Talk earlier this month of a £3 billion bridging industry would have raised eyebrows even a year ago and yet here we are in a situation where the steady upward growth trend this year is already nudging that number. New lenders and new sources of funding have been part of that growth spurt, but let’s not forget that the infinite flexibility of the product has produced a facility which covers so many areas of the lending spectrum. From simple stop gap funding at auction, it has developed into having a veritable smorgasbord of uses as a significant source of development finance, serious support for BTL lending as well as an important source of emergency funding for personal or business uses.

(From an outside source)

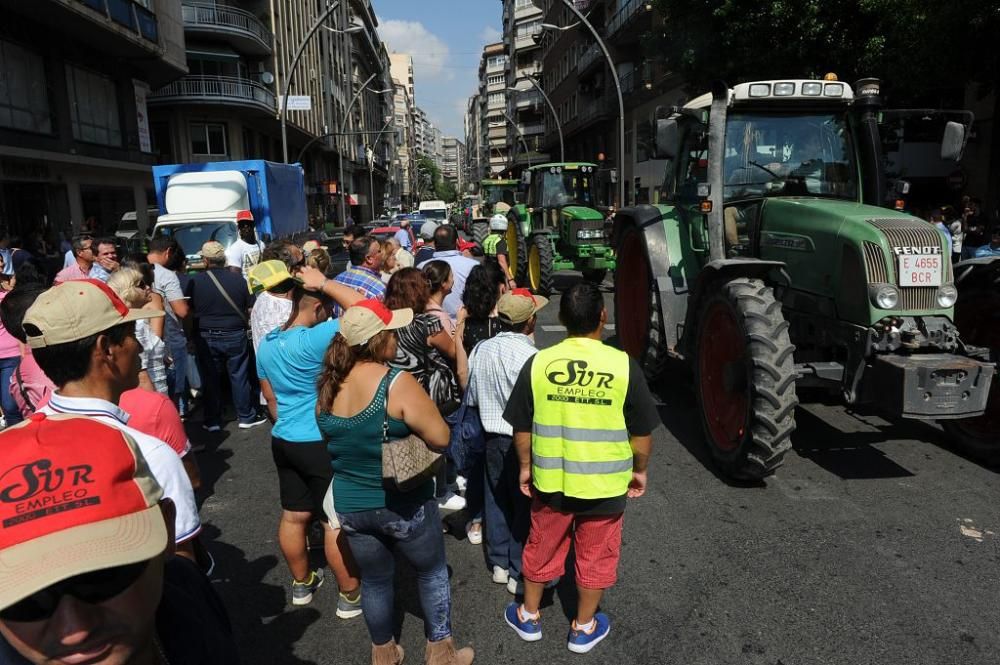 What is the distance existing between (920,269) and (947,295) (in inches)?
10.6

2016 should also be named the year of the cast iron bridging exit strategy. While rates are at their lowest for all types of lending, clients who allow their bridging loans to go over the designated period are putting a lot of pressure on themselves financially and it is not definitely clever for an adviser if the exit is fudged. In the BTL sector, bridging finance is becoming a go to source but I want to see fewer clients coming to us without a strong workable means of exiting their bridging loan. There are lenders still prepared to accept weak explanations but the implications can be particularly serious as some of the penalties can be scary.

In 2016, one of the indirect effects of the MCD will be to provide a further incentive to ensure that the industry does everything it can to ensure that clients get into bridging with as good an opportunity to successfully exit and the intermediary community will need to play its part.

I have no doubt that every bridging sales director and BDM will, having had an excellent year in 2015, now be looking at ways to sustain the progress made as expectations will be high in every boardroom to improve further on 2015.

For specialist packagers like us, we are also looking to see a continuation of the successful recipe of lower rates, more choice and greater competition for business among a growing number of lenders. Allowing market forces to lead the market has, so far, been good for all parts of the chain from lenders to borrowers and in 2016, I see that combination continuing. Unlike some, I do not see the MCD as a brake on future new business. The industry is already adjusting to the requirements and challenges posed and will be the stronger for it, both in terms of quality and competence in 2016.

We will be concentrating on a continuing programme of broker master classes which have proved popular this year, particularly with our network partners. It is clear that intermediaries, even the most experienced, are keen to learn new skills. That attitude speaks well for the future of the quality of advice and will help improve customer outcomes.

2016 will see the more forward thinking specialist packagers taking advantage in the latest technology field, particularly in the area of application submission and sourcing. With greater emphasis for brokers to demonstrate evidence of research, being able to access a clear, verifiable audit trail will be a vital component in choosing a specialist partner and Complete FS intends to continue to be at the cutting edge of what technology can offer.

Technology, particularly in the bridging market, needs to be considered as a helpmate rather than a total solution. Human experience and understanding of each applicant’s specific circumstances is the most vital part of what we offer. It is going to get harder to find that level of talent and we are fortunate to have made some key hirings recently as I do see a situation where there is definitely going to be shortage of people with the right skills.

Finally, as the talk at the pumps is a possible return to petrol prices actually dipping under the £1 per litre mark, the only other wish on my list to Father Christmas is that we see average bridging rates dip under the magic 1% per month mark. Perhaps wishful thinking, but it would help towards further increasing credibility for the long term.